UCLA – ground zero for vehement debates between pro-Israel and pro-Palestinian students – saw its student government recently pass a new bylaw which ostensibly prohibits it from taking a side in controversial global-political issues such as the Israel-Palestinian conflict.It is reasonable to say that the student government should concern itself with things happening on campus and not opine on every issue worldwide. But, of course, many students were offended by this idea, including, of course, Israel-haters.
The new bylaw restricts the current Undergraduate Students Association Council to only weighing and voting on “matters directly and substantially pertaining to student welfare issues,” defined as “issues pertaining to student (health), resources, education, safety.”
The student government adopted the resolution by a 9-4 vote on Nov. 17 after a lengthy debate, with some students who supported it saying they were elected to fight for students’ immediate concerns, not get bogged down by divisive global issues.
“USAC is not the United Nations and you weren’t elected to take stances on geopolitical issues that experts can’t solve,” said a student prior to the vote.
Members of Students for Justice in Palestine came up with a new reason to oppose this bylaw: not being allowed to spout anti-Israel rhetoric at student government events affects their "wellness." From the minutes of the meeting:
Arnie is the vice president for Students for Justice in Palestine and an Armenian student on campus. "I am here to call you all out on petty bullshit as a clear attempt to undue [sic] the resolution from last year. First you all want to do resolutions that have to do with wellness. For some students that has to do with wellness, who are you to tell them what is their wellness."You cannot parody these idiots; they do such a nice job by themselves.

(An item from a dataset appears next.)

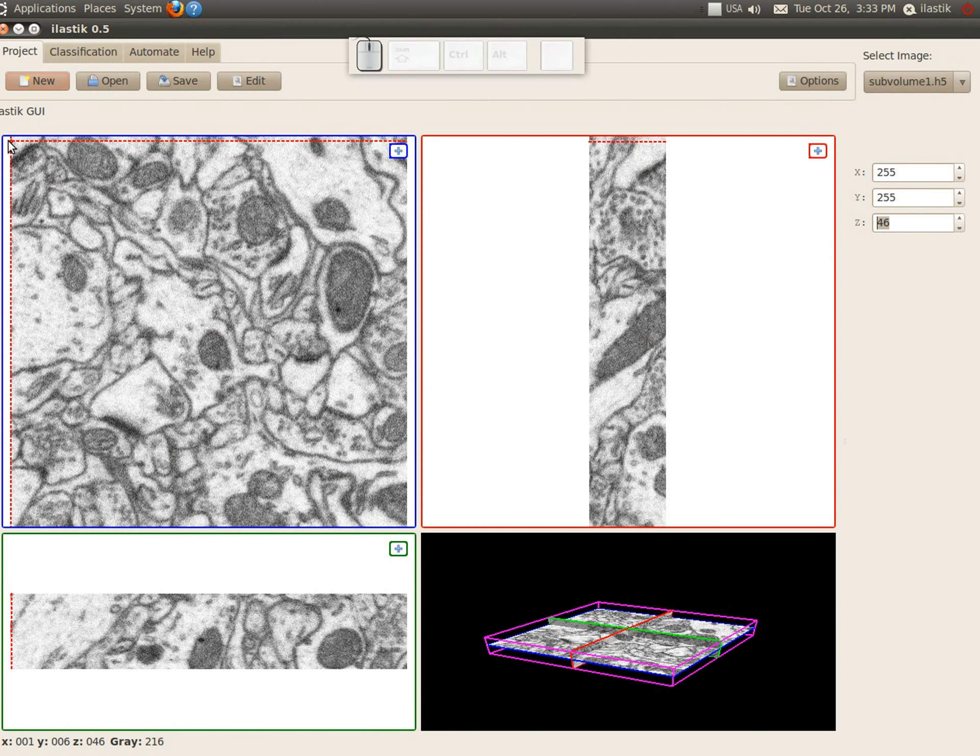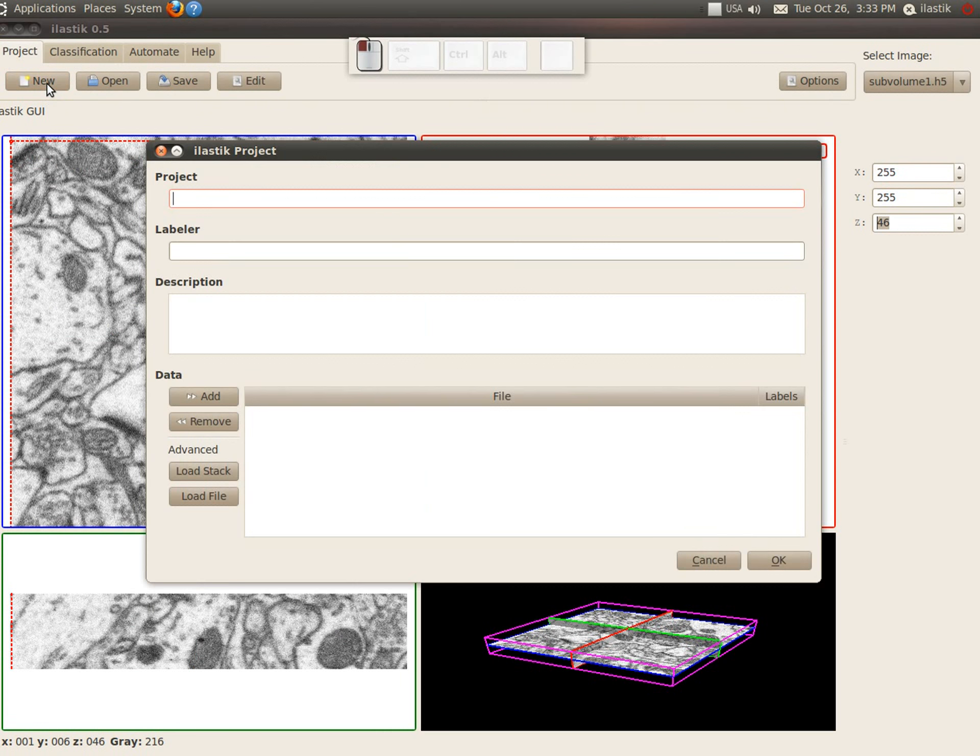Now that was loading for grayscale images. Now imagine you actually have a stack that was recorded in several channels and you want to load them all together and look at them in different colors. We have an option for that too.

-Annie is Arnie’s sister is here on behalf of Armenian Student Association and JSP [sic] and behalf for humans in general. "...You are in a place of privilege and we don’t have the power and this resolution is just really frustrating that we have to constantly reaffirm and what student wellness affects us. If we tell you something is our student wellness you have to believe us you cant [sic] pick and choose. I strongly urge all of you to think about the 28,000 students you represent and think of a different understanding of student wellness."